Provide again, from the entries below, every line from the one containing "Zen Stones - a downloadable art print" through the one containing "Condo, Scratching Post,价格¥2494,第5张图片详细描述", exactly as written, and no other line.
══ Materials provided ══
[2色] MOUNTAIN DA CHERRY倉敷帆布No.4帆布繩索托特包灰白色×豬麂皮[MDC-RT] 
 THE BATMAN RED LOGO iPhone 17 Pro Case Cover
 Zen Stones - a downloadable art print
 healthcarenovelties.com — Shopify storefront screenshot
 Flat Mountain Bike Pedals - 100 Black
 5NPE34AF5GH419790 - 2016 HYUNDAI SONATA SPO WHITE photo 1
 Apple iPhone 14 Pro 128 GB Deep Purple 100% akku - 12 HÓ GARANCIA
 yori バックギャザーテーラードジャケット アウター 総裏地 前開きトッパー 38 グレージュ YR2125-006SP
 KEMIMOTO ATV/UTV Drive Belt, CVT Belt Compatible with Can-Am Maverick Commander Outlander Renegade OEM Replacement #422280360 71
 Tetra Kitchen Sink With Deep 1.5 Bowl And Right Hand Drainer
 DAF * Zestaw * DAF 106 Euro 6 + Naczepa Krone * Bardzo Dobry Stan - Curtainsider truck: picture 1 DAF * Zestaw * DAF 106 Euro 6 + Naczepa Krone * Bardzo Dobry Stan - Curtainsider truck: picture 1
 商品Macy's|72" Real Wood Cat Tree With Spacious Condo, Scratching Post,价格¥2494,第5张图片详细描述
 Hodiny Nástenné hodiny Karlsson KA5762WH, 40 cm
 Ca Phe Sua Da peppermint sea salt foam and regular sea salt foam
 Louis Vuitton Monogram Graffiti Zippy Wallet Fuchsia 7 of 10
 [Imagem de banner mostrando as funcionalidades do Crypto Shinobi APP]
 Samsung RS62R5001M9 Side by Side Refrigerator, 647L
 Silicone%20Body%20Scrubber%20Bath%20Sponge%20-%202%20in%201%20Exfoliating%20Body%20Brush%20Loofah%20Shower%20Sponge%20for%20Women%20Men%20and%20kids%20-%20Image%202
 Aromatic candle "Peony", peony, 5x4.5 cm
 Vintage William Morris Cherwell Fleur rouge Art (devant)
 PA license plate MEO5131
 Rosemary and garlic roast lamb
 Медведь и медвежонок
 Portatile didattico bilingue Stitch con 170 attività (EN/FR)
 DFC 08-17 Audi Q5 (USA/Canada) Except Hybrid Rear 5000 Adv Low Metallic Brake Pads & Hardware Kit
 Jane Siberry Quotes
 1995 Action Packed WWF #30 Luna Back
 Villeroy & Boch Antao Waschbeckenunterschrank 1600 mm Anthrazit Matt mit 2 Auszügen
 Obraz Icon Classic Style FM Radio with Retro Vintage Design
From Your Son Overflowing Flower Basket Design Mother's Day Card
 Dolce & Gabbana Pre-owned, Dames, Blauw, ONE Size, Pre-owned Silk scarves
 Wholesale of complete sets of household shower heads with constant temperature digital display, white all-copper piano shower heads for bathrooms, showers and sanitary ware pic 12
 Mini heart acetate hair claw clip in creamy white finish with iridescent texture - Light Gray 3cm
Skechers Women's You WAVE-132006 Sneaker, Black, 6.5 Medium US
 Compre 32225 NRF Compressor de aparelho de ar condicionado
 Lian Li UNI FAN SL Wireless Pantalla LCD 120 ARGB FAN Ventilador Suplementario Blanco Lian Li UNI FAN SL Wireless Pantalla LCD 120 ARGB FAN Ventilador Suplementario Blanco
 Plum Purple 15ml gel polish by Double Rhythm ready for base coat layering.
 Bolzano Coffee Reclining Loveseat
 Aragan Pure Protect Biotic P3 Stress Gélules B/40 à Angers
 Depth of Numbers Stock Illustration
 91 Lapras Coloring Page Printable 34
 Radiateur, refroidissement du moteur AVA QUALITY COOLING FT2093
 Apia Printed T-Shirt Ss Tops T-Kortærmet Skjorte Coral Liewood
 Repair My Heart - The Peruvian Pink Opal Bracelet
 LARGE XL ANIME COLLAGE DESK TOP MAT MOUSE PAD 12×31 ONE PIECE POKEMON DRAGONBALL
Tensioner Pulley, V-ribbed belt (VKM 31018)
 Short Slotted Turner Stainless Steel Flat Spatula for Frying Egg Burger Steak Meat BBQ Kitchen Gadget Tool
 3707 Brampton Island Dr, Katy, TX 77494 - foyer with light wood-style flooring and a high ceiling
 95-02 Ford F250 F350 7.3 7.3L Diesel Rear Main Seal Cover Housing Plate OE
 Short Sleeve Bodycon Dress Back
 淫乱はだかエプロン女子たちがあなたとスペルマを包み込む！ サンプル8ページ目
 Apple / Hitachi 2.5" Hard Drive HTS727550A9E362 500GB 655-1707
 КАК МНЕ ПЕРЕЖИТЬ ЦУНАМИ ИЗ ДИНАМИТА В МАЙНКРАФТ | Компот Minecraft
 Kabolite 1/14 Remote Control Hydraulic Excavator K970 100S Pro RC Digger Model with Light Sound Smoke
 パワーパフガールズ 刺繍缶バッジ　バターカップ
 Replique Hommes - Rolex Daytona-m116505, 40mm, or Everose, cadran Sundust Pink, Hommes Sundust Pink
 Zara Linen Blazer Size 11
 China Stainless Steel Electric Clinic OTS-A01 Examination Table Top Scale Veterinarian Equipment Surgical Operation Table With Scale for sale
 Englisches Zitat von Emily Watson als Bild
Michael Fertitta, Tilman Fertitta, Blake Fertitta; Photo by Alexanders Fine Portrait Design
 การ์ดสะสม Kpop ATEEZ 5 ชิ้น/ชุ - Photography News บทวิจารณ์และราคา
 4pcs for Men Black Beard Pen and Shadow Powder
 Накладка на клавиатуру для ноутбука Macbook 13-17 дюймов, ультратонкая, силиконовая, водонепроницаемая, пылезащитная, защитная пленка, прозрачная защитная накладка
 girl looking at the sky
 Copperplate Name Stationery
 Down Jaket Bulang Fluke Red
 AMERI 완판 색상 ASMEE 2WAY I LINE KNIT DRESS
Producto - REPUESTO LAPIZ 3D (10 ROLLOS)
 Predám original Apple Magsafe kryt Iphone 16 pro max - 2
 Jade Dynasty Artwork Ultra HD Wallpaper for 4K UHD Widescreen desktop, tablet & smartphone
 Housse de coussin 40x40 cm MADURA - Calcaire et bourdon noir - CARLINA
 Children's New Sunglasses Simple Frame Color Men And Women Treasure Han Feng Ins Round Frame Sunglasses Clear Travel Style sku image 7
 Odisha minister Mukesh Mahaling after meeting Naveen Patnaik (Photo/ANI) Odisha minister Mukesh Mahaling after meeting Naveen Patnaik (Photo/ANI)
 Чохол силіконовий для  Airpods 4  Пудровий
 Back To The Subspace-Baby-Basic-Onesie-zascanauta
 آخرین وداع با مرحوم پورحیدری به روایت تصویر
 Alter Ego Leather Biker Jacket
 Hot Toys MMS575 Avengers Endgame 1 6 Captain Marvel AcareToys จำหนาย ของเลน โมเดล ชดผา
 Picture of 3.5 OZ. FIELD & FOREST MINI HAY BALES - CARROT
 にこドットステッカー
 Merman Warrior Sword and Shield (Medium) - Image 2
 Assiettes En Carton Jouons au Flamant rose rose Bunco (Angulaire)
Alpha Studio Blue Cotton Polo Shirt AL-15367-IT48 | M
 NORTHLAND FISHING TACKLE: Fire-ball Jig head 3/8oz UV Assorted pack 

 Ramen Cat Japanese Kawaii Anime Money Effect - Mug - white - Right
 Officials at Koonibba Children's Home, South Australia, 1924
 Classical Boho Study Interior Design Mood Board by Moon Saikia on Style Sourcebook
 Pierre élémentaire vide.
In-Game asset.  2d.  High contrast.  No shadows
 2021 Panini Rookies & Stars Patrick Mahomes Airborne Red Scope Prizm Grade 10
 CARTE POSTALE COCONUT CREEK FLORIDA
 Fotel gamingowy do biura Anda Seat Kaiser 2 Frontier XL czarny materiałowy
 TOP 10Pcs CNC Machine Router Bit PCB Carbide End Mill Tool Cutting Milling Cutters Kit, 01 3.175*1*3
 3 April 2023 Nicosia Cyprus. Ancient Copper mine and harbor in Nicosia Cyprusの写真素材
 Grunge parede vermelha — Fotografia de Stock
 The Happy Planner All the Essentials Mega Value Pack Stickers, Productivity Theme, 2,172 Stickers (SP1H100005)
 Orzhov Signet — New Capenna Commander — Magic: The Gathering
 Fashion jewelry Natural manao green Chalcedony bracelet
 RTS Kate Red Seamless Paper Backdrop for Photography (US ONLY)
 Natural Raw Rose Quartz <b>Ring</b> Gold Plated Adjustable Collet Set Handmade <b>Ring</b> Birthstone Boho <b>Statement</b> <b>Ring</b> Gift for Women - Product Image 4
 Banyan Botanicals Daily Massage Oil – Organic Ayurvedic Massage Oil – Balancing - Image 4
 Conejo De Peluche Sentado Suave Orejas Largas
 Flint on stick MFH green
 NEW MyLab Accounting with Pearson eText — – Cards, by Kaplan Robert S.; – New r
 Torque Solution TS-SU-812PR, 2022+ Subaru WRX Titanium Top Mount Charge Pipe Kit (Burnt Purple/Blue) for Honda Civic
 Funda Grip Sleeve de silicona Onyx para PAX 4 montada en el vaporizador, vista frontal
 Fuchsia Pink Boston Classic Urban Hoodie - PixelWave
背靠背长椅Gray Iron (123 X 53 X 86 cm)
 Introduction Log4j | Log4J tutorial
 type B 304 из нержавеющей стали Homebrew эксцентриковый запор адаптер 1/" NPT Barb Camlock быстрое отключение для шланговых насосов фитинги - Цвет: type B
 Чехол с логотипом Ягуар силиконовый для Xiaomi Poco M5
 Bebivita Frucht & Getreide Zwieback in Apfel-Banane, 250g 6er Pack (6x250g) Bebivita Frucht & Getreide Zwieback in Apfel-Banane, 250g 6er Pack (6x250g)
═══
Response to this task –
 Zen Stones - a downloadable art print
 healthcarenovelties.com — Shopify storefront screenshot
 Flat Mountain Bike Pedals - 100 Black
 5NPE34AF5GH419790 - 2016 HYUNDAI SONATA SPO WHITE photo 1
 Apple iPhone 14 Pro 128 GB Deep Purple 100% akku - 12 HÓ GARANCIA
 yori バックギャザーテーラードジャケット アウター 総裏地 前開きトッパー 38 グレージュ YR2125-006SP
 KEMIMOTO ATV/UTV Drive Belt, CVT Belt Compatible with Can-Am Maverick Commander Outlander Renegade OEM Replacement #422280360 71
 Tetra Kitchen Sink With Deep 1.5 Bowl And Right Hand Drainer
 DAF * Zestaw * DAF 106 Euro 6 + Naczepa Krone * Bardzo Dobry Stan - Curtainsider truck: picture 1 DAF * Zestaw * DAF 106 Euro 6 + Naczepa Krone * Bardzo Dobry Stan - Curtainsider truck: picture 1
 商品Macy's|72" Real Wood Cat Tree With Spacious Condo, Scratching Post,价格¥2494,第5张图片详细描述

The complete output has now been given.